> Task item: Print out the full listing, exactly.

> Data segment:
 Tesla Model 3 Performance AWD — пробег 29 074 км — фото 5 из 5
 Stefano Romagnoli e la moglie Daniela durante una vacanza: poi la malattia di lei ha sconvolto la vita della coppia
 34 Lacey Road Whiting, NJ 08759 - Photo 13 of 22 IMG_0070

> Exercise output:
 Tesla Model 3 Performance AWD — пробег 29 074 км — фото 5 из 5
 Stefano Romagnoli e la moglie Daniela durante una vacanza: poi la malattia di lei ha sconvolto la vita della coppia
 34 Lacey Road Whiting, NJ 08759 - Photo 13 of 22 IMG_0070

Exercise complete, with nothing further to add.